P2P Online Lending Default Prediction- A Usecase on LendingClub Default Risk

Author

Mavis Wong, Yasmin Hassan, Abeba N. Turi

Published

December 6, 2024

1. Summary

This work intends to leverage machine learning models to predict borrower behavior and, hence, the probability of default. More specifically, the work focuses on predicting loan defaults using historical data from the Lending Club platform. We uncover patterns and trends in borrower risk profiles by applying advanced preprocessing techniques, exploratory data analysis (EDA), and a Logistic Regression model. The final model demonstrated strong performance on unseen test data, achieving an accuracy of 84.0%. Out of 1,916 test cases, the model correctly predicted 1,608 cases, with 308 incorrect predictions. These errors included both false positives (predicting a loan default when it didn’t occur) and false negatives (failing to predict an actual default). While false negatives pose a greater risk in financial decision-making, this model provides actionable insights to improve risk management and reduce potential financial losses for the platform. Despite its promising predictive capabilities, further research is needed to enhance the model’s accuracy and better understand the characteristics of misclassified loans. Such improvements could play a crucial role in minimizing financial risks and maximizing the model’s effectiveness in peer-to-peer lending platforms

2. Introduction

Crowd-based business models are one of the last decade’s developments with the proliferation of platform economies and web technology applications (Sutherland and Jarrahi 2018). One of such developments following the 2007 financial crisis are the P2P online lending platforms. The backbone of the digital economic system built on this relies on trust as a currency. Like all other crowd-based business models, P2P online lending heavily relied on the trustworthiness of borrowers (Lenz 2016). To help with this, online platforms like LendingClub used several features to define eligibility and rate of access to loans for potential borrowers. Traditional credit risk analysis often relies on rule-based systems or credit scores, which might not fully capture the complexities of borrower behavior. By applying Logistic Regression, we aim to develop a model that is both interpretable and effective in identifying high-risk loans, see (Khandani, Kim, and Lo 2010). This analysis intends to provide a data-driven approach to improve credit decision-making in a broader context of platform-based transactions through machine learning models.

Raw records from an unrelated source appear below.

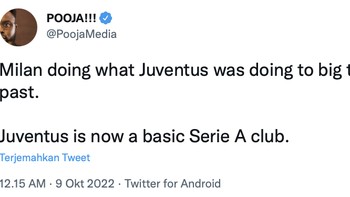 Kemenangan ini membawa rasa senang para fans Milan merah nih. Juventus kini klub biasa si Serie A tulis akun ini. Foto: Twitter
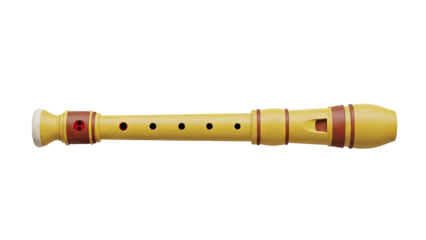 3D Yellow recorder musical instrument on transparent background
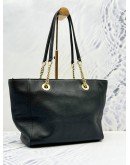 (SALE) COACH TURNLOCK MEDIUM TOTE SHOULDER BAG IN BLACK PEBBLED LEATHER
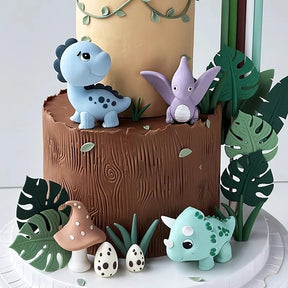 Topper de Bolo Dinossauro com Arco-Íris - Festa Infantil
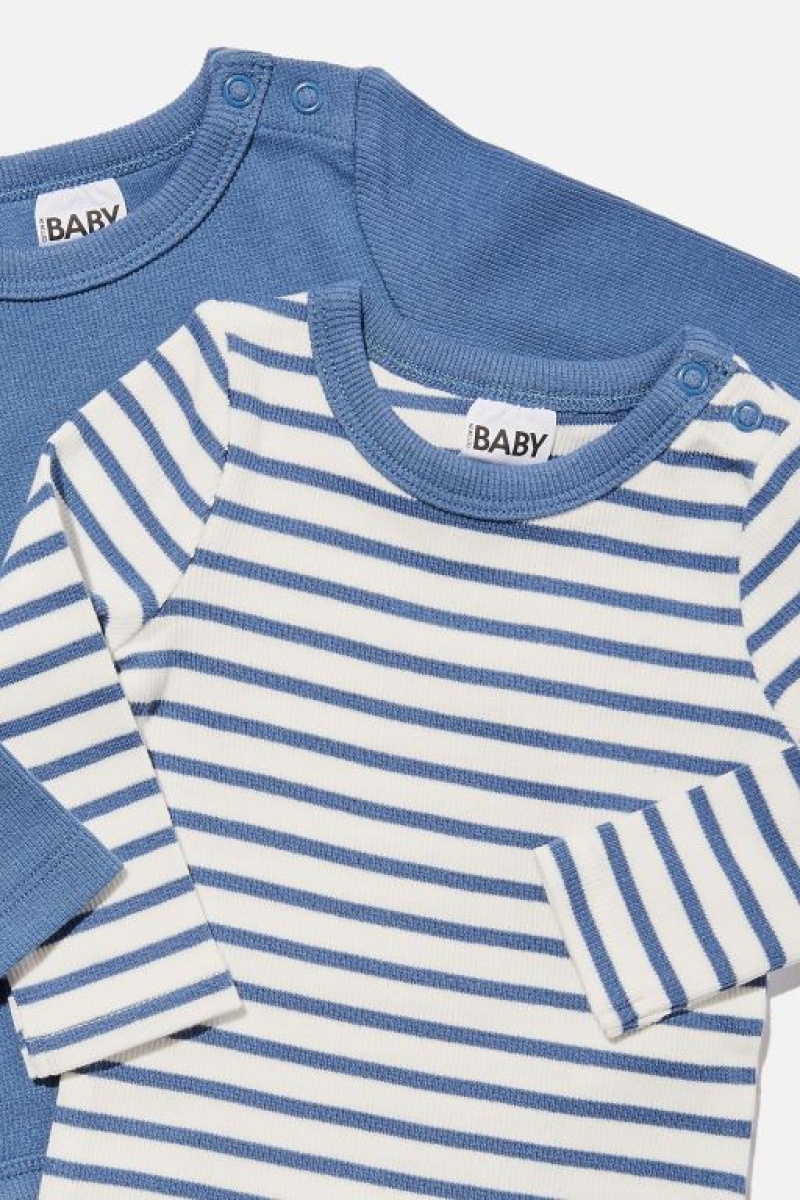 Cotton On 2 Pack Essentials Long Sleeve Bubbysuit Baby Rompers Blue | cyH9dAHrhau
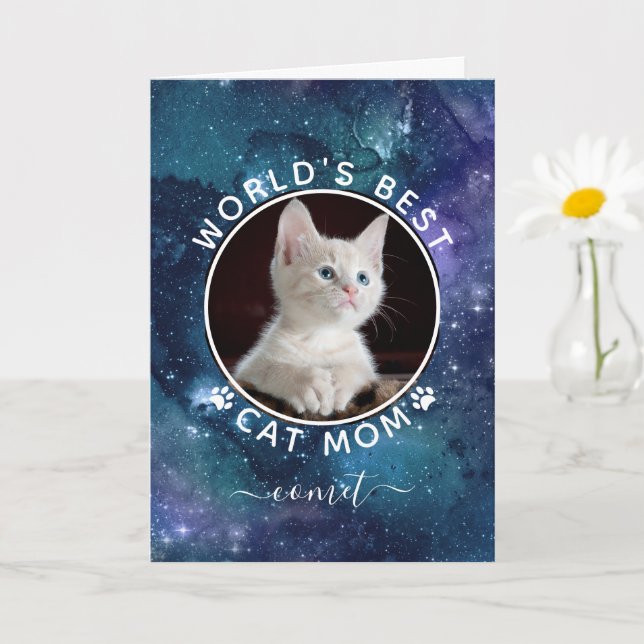 Carte Meilleur Chat au monde Maman Espace Photo personna (Petite plante)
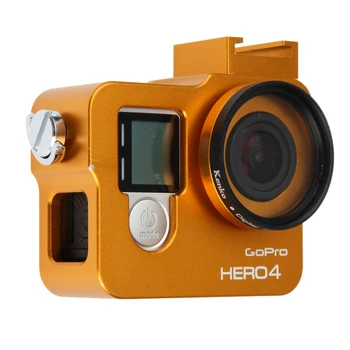 Nové Go pro Hero 4 3+ Fotoaparát, Príslušenstvo, Hliníkové Kovového krytu Rám Zliatiny Ochranné Puzdro +UV filter pre Gopro 4 hero4,hero3+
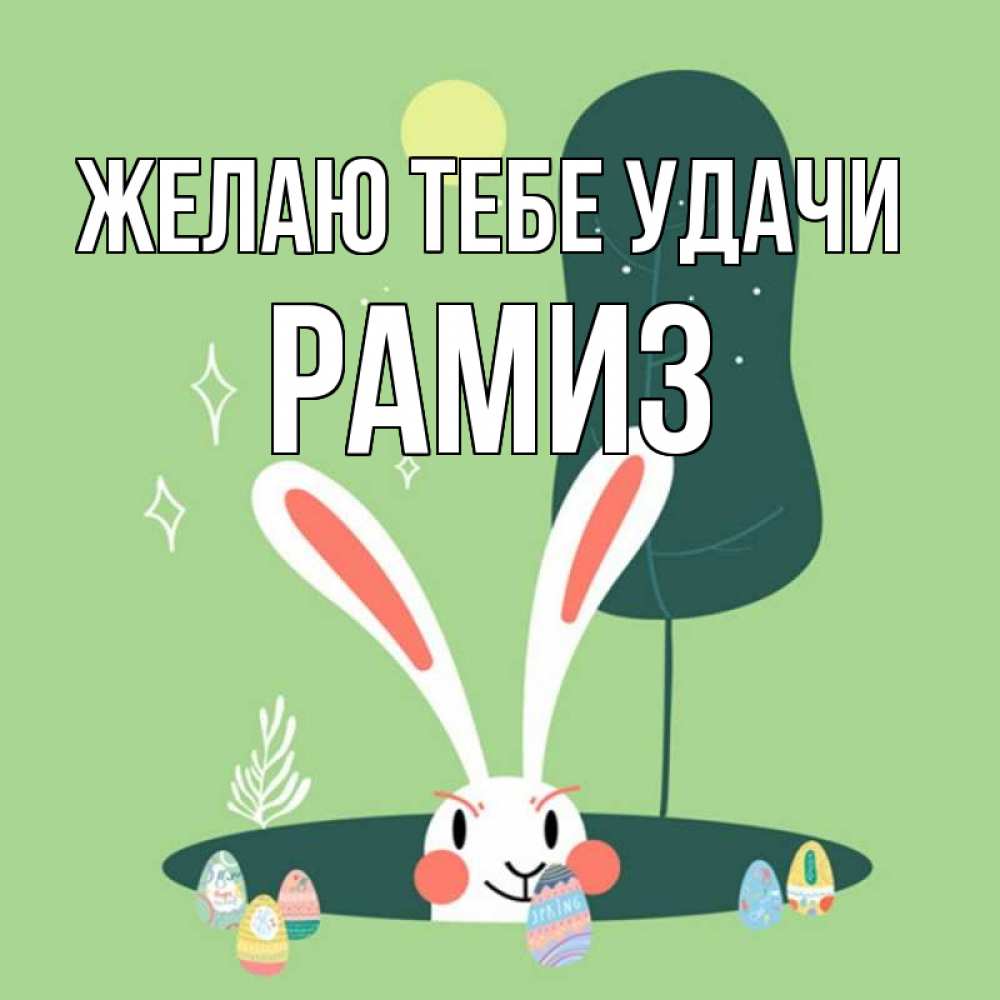 Открытка на каждый день с именем, Рамиз Желаю тебе удачи заяц Прикольная открытка с пожеланием онлайн скачать бесплатно 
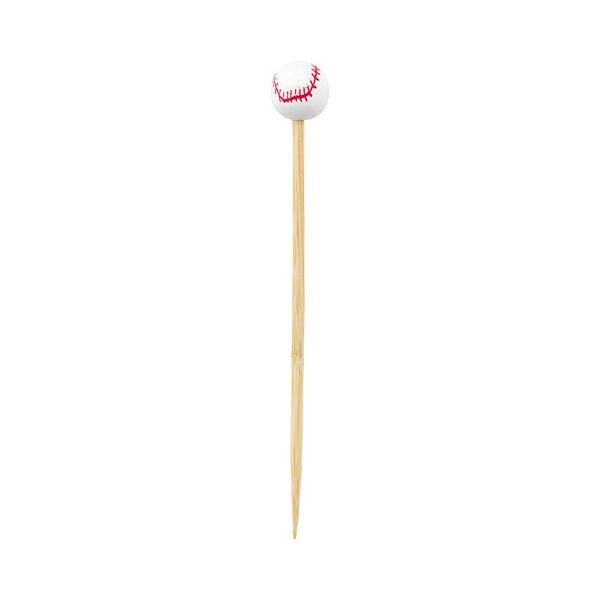 Restaurantware Pixy White And Red Bamboo Baseball Pick - Hand-Painted - 4" - 1000 Count Box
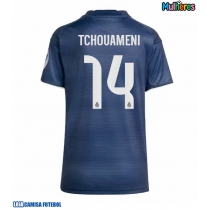 Camisa de Futebol Real Madrid Aurelien Tchouameni #14 Equipamento Secundário Mulheres 2025-26 Manga Curta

Extensive research has been conducted on borrower risk behavior analysis and trust within P2P online lending systems, highlighting the critical role of trust and predictability in ensuring platform sustainability and mitigating default risks (Cai et al. 2016). Building on these, this work focuses on developing a comprehensive risk analysis framework through machine learning models that will help predict borrower behavior.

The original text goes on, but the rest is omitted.